DATASET -
----------

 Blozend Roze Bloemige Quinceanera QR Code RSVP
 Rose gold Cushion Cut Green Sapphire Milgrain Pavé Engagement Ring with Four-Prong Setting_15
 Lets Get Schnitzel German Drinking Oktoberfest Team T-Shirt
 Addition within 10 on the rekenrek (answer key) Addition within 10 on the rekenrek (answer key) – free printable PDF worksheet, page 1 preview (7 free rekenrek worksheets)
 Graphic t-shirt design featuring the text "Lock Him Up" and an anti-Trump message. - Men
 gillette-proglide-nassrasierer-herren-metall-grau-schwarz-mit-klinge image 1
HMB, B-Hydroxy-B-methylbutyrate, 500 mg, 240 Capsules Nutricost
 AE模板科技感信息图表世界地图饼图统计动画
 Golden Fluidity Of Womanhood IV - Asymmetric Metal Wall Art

----------

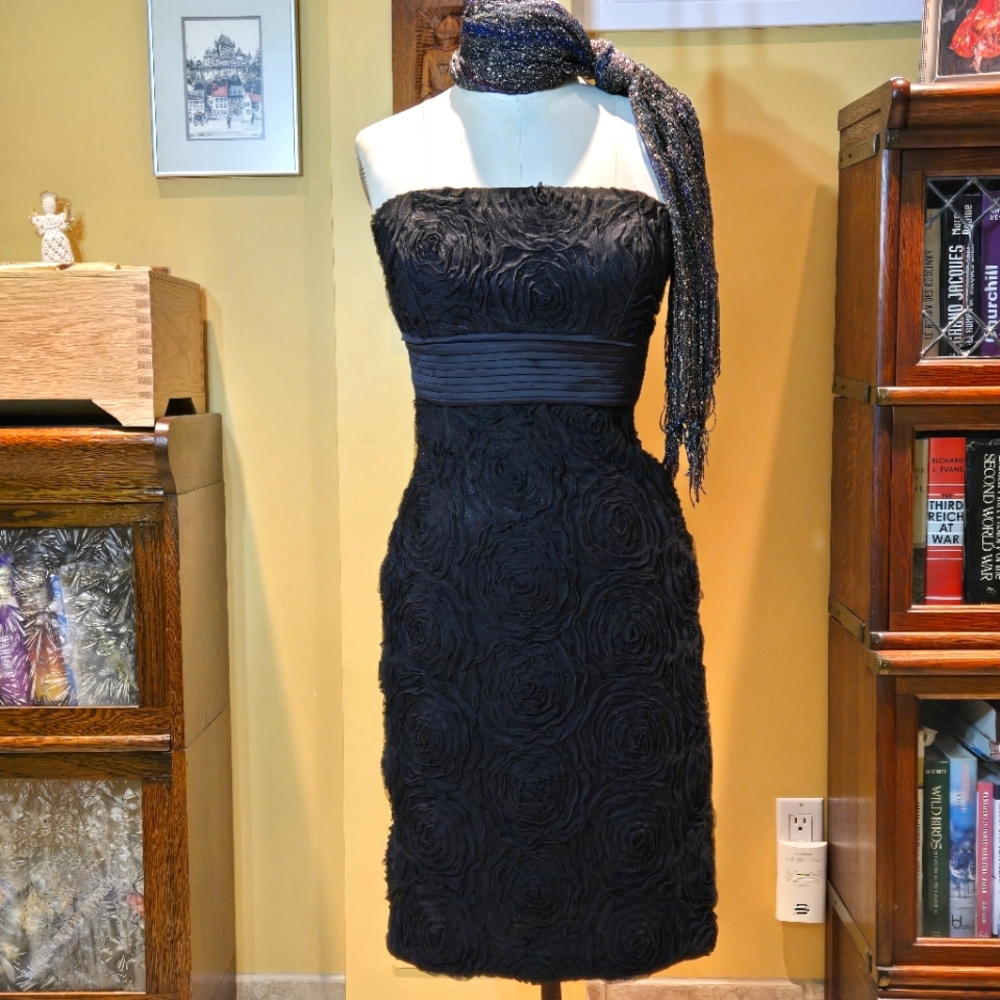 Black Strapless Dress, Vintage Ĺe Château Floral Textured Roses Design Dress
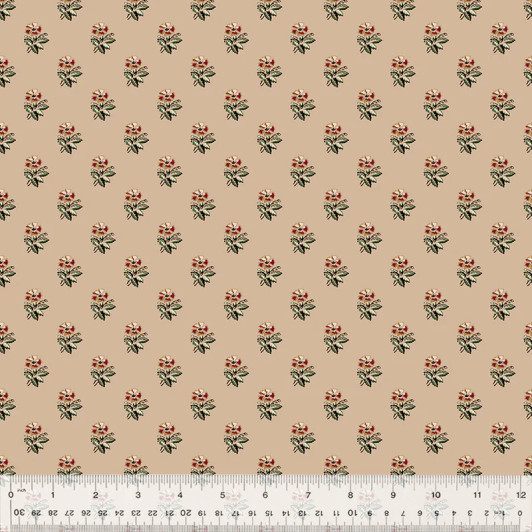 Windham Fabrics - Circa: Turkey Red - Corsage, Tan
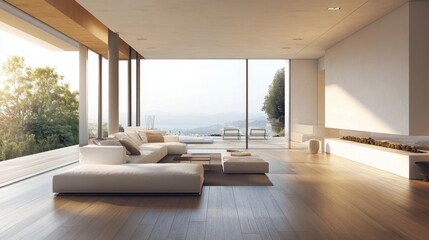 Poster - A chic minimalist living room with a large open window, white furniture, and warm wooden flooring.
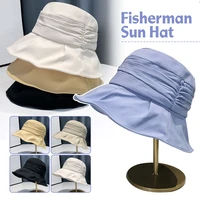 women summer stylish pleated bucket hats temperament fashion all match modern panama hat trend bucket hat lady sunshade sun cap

----------

WHAT YOU WILL DO -
Retype only the stretch of lines above starting at the one with "Graphic t-shirt design" and stopping at the one with "Golden Fluidity Of", exactly as written, with both kept.

THE COMPLETED TASK -
 Graphic t-shirt design featuring the text "Lock Him Up" and an anti-Trump message. - Men
 gillette-proglide-nassrasierer-herren-metall-grau-schwarz-mit-klinge image 1
HMB, B-Hydroxy-B-methylbutyrate, 500 mg, 240 Capsules Nutricost
 AE模板科技感信息图表世界地图饼图统计动画
 Golden Fluidity Of Womanhood IV - Asymmetric Metal Wall Art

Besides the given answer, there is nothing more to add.